Borrow types, Round 2

I wasn’t planning to write another post about “borrow types” quite so soon as this, but my previous post on the subject generated some commentary, including this suggestion from Herb Sutter (with credit also given to Bjarne Stroustrup for prior observations on the subject):

Key concept, “generalized-parameter-declaration”: It has been independently rediscovered a number of times that a range-for loop variable is very much like a function parameter […] To this same set we should add lambda capture. Finally […] a catch-clause [declaration] also behaves as a parameter that binds to the thrown object […]

Arthur, I would add lambda-capture and catch-declaration to your list of string_view recommended uses for the above reasons.

Number one, I’m extremely flattered. Number two, you’re wrong. :)

Let’s take the catch-handler case first, because I actually considered that case and decided to tactfully ignore it when I was writing up that original post. Let’s open that can of worms!

Do not catch string_view

Here’s the kind of code we’re talking about:

try {
    throw std::string("hello");
} catch (const std::string& ex) {
    std::cout << ex << std::endl;
}

If you run this code, you’ll see it print “hello”, which should not be surprising at all. The const std::string& ex declaration (which C++ officially calls an exception declaration) behaves basically just like a function parameter in all respects: it syntactically looks like a function parameter, of course, but it also behaves like a function parameter in certain respects related to return value optimization (RVO), and also in the sense that when it is a reference, it refers to an object (the exception object) whose lifetime is greater than the scope of the variable ex itself. So in a very real sense, here, ex is of “borrow type” just the same way that it would be if it were a function parameter.

However.

Let’s try our “C++17 modernization” refactoring on the code above…

try {
    throw std::string("hello");
} catch (std::string_view ex) {
    std::cout << ex << std::endl;
}

This code no longer prints “hello” — instead, it terminates with an uncaught exception! This is because C++’s rules for catch-block selection do not match its rules for overload resolution; they are more like its rules for dynamic_cast. (I have a whole CppCon talk on that subject! (YouTube))

For the same reason, we will have a baaad time if we try to write this:

std::any a = std::make_any(std::string("hello"));
std::string s1 = std::any_cast<const std::string&>(a);  // OK
std::string s2 = std::any_cast<std::string_view>(a);  // Throws bad_any_cast

What we see in both of these examples is that — even though I stand by my assertion that native reference types such as const std::string& are borrow types — they are also native reference types, and this gives them special core-language superpowers that are not granted to arbitrary user-defined types such as std::string_view and std::reference_wrapper. In the first example we saw essentially that C++’s internal mechanism for selecting catch-block handlers understands catch-by-reference as a special case; and in the second example we saw essentially that typeid(T) == typeid(const T&).

So what does this little digression mean for our simple rule of thumb? Should we permit “borrow types” in catch-block exception declarations?

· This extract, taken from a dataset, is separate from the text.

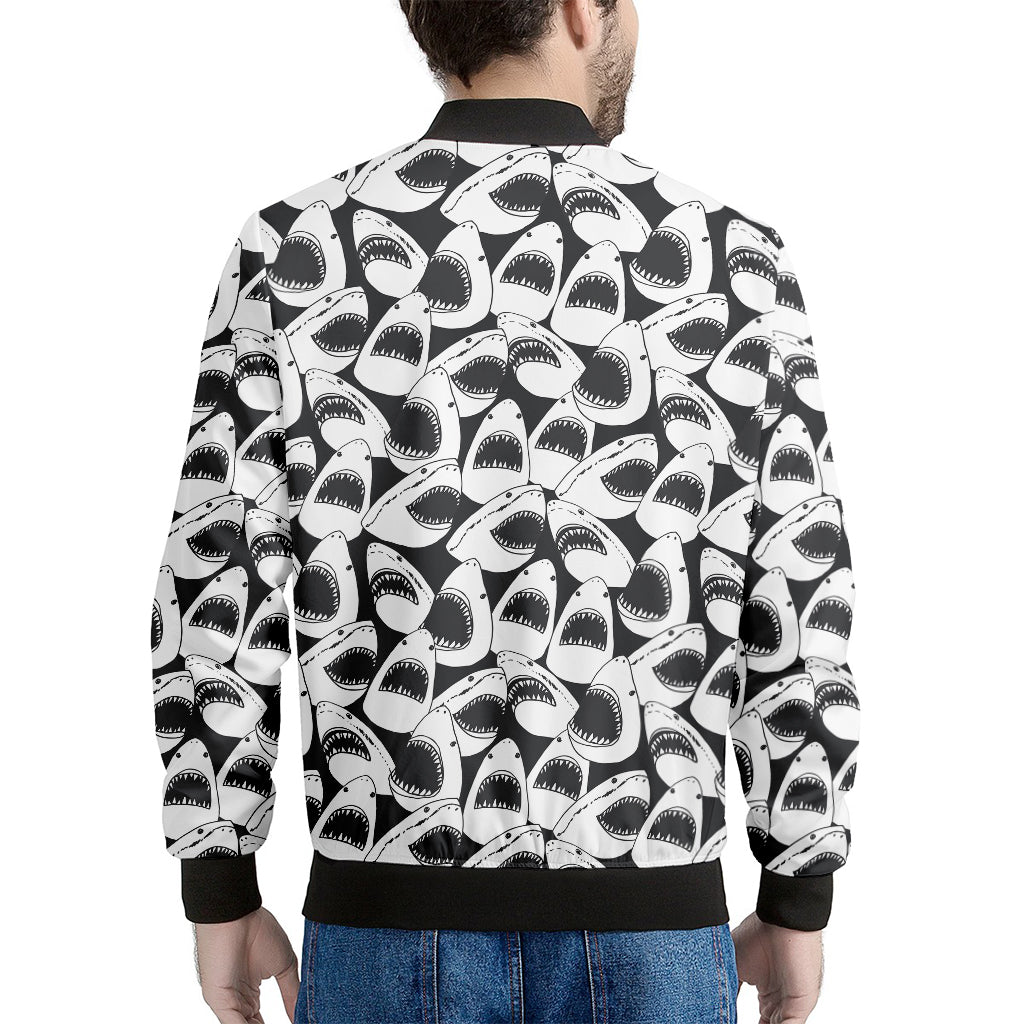 White And Grey Shark Pattern Print Men's Bomber Jacket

No. We should certainly permit and encourage catching by reference — there are horrible pitfalls for catching by anything-except-const& — but that’s about catching by native reference. It has absolutely nothing to do with borrow types as a general rule. If you are trying to catch a string_view, you are doing it wrong and your code will not work.

Do not catch string_view!

Do not capture string_view

Okay, now what about lambda captures? This is an interesting case to me because… well, because I hadn’t considered it before! The observation being made by Bjarne and Herb is that another place we idiomatically use native references in C++ is in lambda-captures:

struct StringSet {
    vector<string> elements_;

    template<class F>
    void for_each_element(const F& f) const;
};

StringSet ss;
std::vector<std::string> result;
ss.for_each_element([&result](auto&& elt) {
    result.emplace_back(elt);
});

Here we’ve got so many referencey things going on that I’ve omitted the body of for_each_element for clarity; check the previous post if you care. The important referencey thing that Bjarne and Herb are observing is that our lambda-function is capturing result by reference. If it had captured result by value, then the code wouldn’t do what we want. It is important and idiomatic that lambdas often capture things by reference.

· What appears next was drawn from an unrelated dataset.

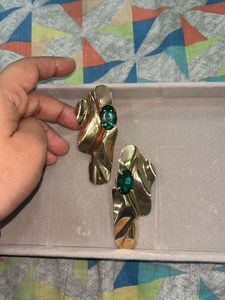 Statement Gold &amp; Emerald Earrings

In situations like this, where we’re passing a short-lived lambda as a callback to a “for-each”-style function (whether it’s this obviously named, or whether it’s a subtler “for-each” such as std::copy_if or std::sort), the most foolproof thing to do is to capture everything by reference: use a default capture of [&]. The only time it makes sense to capture anything by value is if you’re expecting your lambda to be stored somewhere or otherwise outlive its current context (for example, if you’re passing it to the constructor of std::thread or std::packaged_task).

The preceding paragraph should be tickling your brain. Short-lived… no ownership… function parameter… Yes, that’s absolutely correct: we have a borrow type going on here! But the borrow type is not the type of the lambda capture; the borrow type is the type of the callback lambda itself!

auto x = [&](auto&& elt) {
    result.emplace_back(elt);
};

decltype(x), here, is a borrow type: it refers to things it doesn’t own, it makes sense only if it is short-lived, and (by an utter but happy coincidence) it doesn’t have an assignment operator.

The important takeaway here is that lambdas which capture [&] are borrow types, and should follow all the usual borrow-type rules: don’t return such lambdas from functions, or capture them in long-lived variables, or otherwise allow them to escape the local context.

So that’s an interesting point (I hope)… but it’s not what Herb meant. He was suggesting that the capture itself — &result — was of the borrow type std::vector<int>&, and therefore I should relax my rule of thumb and permit borrow types to appear in lambda capture-lists.

Is this true? Should we ever write something like this?…

template<class Strings>
auto get_words_beginning_with(
    const Strings& lst, std::string_view prefix)
{
    std::vector<std::string> result;
    auto inserter = std::back_inserter(result);
    std::copy_if(
        lst.begin(), lst.end(), inserter,
        [prefix](auto&& s) {
            return s.starts_with(prefix);
        }
    );
    return result;
}

Here we are capturing a copy of prefix — a string_view variable — in the lambda capture list of our filter. Is this good practice? Should we encourage this?

No, we should not.

Our lambda captures [prefix], when it should be capturing [&]. There is no reason to do anything “special” or “out of the ordinary” here; we are making a short-lived callback lambda for use with a “for-each”-style function, and so we should capture no more and no less than [&]. Capturing by value would make sense if we knew that the lambda was going to outlive the current scope… but if we knew that, then capturing the borrowed prefix by value would actually lead us straight into dangling-pointer-land!

Capturing a borrow type by value is usually a bug, and never helpful. Don’t do it.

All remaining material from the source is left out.